Recovering from a broken state
My Drupal site is saying a file doesn't exist, but it does!¶
First, make sure the file truly does exist by SSH'ing into the server and checking.
If the file is present, two things can fix this.
- Add a deployment identifier.
This will ensure the OPcache cache key changes, which will allow Drupal to pick up new files.Add the above to your settings.php file, changing the release as needed.$settings['deployment_identifier'] = \Drupal::VERSION . "__release_xx.yy__";
- Clear the PHP-FPM pool via Platform
This will clear OPcache itself, which will also allow Drupal to pick up new files.
My Drupal site is saying a service doesn't exist, but it does!¶
This can be caused when the Drupal Container isn't rebuilt. If you can't clear caches, because that command also fails then the only solution is:
Add a deployment identifier. This is also used as part of the cache key for the Drupal Container.

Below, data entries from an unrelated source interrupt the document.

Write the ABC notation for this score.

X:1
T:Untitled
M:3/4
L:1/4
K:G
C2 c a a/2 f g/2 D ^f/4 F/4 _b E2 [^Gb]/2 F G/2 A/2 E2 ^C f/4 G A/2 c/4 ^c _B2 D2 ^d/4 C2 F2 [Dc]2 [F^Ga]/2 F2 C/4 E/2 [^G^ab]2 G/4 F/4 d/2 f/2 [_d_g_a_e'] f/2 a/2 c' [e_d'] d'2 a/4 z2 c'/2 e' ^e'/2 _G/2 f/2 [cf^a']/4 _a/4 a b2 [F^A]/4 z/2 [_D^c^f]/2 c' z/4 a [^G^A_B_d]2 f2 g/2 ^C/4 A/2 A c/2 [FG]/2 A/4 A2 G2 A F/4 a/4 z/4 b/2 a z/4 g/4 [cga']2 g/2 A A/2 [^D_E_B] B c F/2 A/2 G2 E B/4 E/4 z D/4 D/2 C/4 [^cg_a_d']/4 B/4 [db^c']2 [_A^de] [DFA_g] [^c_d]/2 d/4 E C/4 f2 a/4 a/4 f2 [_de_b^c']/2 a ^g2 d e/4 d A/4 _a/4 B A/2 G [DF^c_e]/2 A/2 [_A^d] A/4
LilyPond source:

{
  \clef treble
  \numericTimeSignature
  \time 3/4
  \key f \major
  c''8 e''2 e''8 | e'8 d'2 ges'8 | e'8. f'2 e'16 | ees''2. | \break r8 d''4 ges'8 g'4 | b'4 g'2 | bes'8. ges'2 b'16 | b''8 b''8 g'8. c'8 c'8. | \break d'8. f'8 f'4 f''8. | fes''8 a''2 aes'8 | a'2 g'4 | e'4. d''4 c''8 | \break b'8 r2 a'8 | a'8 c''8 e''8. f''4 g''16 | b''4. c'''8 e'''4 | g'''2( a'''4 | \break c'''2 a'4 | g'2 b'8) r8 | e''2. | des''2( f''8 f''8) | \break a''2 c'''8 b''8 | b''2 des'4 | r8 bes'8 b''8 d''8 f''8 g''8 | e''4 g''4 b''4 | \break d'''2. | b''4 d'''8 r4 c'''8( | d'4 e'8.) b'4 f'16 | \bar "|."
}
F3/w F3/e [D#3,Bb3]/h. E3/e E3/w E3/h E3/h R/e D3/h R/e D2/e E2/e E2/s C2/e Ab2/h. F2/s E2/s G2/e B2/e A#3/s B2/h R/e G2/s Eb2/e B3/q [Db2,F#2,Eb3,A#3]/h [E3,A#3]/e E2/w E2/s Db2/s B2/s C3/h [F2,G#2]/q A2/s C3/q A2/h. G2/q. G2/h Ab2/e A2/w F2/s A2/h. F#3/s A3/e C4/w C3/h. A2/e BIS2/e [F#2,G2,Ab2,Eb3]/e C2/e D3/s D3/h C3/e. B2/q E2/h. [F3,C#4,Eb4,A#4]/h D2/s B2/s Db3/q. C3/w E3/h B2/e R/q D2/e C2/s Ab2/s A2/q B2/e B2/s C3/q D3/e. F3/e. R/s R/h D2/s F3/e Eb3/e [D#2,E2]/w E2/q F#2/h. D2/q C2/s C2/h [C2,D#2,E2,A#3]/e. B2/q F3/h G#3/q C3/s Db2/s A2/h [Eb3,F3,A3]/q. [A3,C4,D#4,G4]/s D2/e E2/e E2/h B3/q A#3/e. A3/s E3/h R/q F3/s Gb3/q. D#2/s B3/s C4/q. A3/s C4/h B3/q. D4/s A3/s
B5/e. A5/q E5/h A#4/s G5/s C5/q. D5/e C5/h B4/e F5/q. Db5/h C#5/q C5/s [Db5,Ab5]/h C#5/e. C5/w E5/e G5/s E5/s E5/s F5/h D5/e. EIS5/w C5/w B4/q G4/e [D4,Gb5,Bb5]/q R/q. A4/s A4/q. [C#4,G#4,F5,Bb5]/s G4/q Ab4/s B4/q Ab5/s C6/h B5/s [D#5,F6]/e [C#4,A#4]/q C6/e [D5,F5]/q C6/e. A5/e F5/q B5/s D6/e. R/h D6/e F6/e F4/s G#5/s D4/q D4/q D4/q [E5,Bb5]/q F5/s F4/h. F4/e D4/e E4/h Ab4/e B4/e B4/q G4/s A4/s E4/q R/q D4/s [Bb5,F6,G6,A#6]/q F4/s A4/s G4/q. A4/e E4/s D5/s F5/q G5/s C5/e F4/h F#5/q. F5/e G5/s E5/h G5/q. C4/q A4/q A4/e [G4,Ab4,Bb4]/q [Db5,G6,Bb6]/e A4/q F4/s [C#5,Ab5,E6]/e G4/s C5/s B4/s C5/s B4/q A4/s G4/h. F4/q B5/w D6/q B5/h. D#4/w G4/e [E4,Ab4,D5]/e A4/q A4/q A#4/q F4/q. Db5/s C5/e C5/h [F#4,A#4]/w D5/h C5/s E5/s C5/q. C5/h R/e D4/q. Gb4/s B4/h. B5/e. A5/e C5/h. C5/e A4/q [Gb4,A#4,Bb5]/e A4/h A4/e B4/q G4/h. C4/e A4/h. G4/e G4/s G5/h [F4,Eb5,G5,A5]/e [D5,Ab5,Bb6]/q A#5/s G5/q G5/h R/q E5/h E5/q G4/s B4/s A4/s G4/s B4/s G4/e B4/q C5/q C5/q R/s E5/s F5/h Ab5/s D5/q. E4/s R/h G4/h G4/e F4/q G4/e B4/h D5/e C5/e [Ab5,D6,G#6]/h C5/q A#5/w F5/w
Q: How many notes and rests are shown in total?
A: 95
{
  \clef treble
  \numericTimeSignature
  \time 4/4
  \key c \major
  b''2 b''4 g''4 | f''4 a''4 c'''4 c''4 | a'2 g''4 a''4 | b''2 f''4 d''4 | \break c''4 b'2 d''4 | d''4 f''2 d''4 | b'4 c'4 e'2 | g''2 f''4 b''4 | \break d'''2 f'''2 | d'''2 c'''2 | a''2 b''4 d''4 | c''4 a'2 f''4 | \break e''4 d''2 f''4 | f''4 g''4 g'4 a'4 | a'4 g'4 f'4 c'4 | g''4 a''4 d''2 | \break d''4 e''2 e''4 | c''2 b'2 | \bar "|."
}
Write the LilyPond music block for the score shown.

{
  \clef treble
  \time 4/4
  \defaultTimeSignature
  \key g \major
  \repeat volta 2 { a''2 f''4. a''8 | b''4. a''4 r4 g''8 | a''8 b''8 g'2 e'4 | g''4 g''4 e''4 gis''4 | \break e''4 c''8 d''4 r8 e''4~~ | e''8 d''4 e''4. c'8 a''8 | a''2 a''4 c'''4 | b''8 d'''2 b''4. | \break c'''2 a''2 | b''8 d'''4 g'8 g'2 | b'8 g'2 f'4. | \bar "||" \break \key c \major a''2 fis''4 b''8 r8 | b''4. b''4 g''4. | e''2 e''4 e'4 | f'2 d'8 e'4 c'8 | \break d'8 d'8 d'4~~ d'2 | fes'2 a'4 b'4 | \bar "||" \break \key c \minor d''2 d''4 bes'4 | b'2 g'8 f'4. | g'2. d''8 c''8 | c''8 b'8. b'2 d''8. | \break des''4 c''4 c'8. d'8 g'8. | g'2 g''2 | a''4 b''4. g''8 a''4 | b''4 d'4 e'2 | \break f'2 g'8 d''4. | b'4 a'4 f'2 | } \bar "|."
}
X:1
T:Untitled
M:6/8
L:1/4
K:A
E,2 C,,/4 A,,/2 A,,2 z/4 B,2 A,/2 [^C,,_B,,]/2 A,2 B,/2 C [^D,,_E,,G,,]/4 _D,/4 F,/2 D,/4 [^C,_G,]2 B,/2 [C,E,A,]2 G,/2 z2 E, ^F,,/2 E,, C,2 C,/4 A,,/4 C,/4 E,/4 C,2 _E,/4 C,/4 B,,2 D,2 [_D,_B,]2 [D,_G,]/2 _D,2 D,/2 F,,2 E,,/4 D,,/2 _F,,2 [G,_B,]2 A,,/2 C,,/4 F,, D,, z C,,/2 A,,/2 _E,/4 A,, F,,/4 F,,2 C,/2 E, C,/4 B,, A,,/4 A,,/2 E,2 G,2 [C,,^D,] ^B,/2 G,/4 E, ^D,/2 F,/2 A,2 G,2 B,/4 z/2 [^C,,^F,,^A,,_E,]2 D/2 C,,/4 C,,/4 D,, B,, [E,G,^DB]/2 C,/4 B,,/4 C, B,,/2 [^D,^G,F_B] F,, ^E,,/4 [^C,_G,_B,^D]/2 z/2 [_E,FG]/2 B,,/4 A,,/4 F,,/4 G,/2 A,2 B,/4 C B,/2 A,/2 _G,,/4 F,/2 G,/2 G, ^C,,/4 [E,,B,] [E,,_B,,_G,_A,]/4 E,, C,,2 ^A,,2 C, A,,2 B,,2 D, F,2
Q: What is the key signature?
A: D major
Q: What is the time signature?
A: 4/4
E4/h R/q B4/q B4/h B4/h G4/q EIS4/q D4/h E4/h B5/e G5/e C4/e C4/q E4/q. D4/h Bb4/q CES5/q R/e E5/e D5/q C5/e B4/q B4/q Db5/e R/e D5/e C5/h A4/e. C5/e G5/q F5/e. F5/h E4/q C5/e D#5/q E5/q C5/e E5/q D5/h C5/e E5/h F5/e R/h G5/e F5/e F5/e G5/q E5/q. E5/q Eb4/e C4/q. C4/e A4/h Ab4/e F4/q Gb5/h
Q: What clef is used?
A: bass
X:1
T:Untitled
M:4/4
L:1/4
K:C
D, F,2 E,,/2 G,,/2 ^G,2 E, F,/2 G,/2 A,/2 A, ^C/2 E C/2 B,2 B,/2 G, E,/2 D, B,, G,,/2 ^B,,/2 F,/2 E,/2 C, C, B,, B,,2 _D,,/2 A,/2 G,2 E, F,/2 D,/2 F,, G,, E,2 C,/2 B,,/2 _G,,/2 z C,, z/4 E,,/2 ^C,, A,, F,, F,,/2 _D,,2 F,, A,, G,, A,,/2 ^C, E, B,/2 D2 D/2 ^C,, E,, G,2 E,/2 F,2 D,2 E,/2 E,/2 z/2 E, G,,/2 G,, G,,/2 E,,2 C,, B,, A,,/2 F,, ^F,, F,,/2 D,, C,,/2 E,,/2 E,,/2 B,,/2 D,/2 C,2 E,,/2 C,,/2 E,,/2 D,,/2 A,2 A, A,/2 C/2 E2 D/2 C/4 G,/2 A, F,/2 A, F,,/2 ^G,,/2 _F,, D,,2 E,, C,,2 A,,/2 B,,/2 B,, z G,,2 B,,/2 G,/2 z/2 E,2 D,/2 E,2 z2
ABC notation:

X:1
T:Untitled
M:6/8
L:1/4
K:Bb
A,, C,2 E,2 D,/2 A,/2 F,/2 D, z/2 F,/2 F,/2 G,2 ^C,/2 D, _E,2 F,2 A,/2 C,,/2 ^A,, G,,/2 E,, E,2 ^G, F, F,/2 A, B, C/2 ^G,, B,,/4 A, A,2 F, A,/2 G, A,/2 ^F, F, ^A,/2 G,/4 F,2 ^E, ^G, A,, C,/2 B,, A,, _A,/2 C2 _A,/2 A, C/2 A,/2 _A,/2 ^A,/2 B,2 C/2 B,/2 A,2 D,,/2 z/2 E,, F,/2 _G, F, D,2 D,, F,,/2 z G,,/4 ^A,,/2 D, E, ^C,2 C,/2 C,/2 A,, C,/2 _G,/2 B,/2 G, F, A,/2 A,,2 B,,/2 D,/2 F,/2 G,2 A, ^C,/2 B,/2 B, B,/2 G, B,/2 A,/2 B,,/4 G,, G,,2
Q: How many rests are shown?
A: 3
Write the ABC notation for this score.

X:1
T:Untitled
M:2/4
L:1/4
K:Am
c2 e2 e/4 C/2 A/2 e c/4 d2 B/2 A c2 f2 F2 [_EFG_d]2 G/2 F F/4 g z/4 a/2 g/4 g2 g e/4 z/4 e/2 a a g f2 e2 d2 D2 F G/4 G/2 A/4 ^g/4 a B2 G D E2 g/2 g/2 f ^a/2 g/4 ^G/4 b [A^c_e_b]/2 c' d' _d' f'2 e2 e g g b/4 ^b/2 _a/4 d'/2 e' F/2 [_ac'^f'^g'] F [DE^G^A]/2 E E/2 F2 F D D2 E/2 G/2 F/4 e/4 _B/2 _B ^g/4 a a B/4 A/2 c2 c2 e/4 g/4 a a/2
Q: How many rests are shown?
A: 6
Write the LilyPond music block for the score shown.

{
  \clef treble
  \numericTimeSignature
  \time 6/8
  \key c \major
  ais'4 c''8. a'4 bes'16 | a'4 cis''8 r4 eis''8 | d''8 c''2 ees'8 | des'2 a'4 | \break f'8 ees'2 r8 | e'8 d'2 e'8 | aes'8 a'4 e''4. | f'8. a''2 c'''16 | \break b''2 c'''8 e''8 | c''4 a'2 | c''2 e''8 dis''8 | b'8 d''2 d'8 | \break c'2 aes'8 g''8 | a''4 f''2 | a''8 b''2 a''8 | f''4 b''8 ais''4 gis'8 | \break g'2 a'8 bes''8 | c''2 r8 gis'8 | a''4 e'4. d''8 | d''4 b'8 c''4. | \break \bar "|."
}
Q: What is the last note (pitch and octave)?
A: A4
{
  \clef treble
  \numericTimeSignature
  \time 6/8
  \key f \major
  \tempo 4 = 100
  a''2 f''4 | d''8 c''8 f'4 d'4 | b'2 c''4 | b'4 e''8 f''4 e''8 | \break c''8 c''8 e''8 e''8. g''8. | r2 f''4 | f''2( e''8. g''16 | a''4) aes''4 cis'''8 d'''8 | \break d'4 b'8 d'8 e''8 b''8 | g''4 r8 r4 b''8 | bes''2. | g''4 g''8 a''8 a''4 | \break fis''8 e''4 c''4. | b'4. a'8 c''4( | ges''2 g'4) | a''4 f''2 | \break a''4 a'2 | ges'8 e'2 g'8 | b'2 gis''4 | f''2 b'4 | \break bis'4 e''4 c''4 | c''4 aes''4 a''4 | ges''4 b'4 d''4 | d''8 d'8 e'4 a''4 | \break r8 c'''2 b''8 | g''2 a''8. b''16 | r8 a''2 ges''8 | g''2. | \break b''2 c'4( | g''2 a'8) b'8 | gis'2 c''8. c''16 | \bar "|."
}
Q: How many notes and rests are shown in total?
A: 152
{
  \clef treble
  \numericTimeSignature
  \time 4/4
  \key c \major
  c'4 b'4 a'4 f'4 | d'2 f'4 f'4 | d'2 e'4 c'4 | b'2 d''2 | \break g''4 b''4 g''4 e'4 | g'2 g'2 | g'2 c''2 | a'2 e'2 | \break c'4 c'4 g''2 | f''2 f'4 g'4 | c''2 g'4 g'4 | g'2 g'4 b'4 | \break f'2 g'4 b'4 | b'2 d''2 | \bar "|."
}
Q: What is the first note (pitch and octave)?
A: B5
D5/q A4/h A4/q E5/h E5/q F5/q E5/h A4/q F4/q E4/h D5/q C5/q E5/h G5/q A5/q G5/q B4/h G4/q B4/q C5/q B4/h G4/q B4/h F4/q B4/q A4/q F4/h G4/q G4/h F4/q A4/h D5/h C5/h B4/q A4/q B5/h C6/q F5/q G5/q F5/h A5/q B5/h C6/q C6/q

Changing the identifier causes Drupal to build a new Container, which will then register the new services.
$settings['deployment_identifier'] = \Drupal::VERSION . "__release_xx.yy__";
Add the above to your settings.php file, changing the release as needed.
If a cache clear via CLI works, but the error persists it is possible your site is setting a different deployment identifier for just CLI. This was a workaround used to support two drush versions a long time ago, and is no longer required. Remove that logic, or expand it to also set a new deployment identifier for non-CLI processes.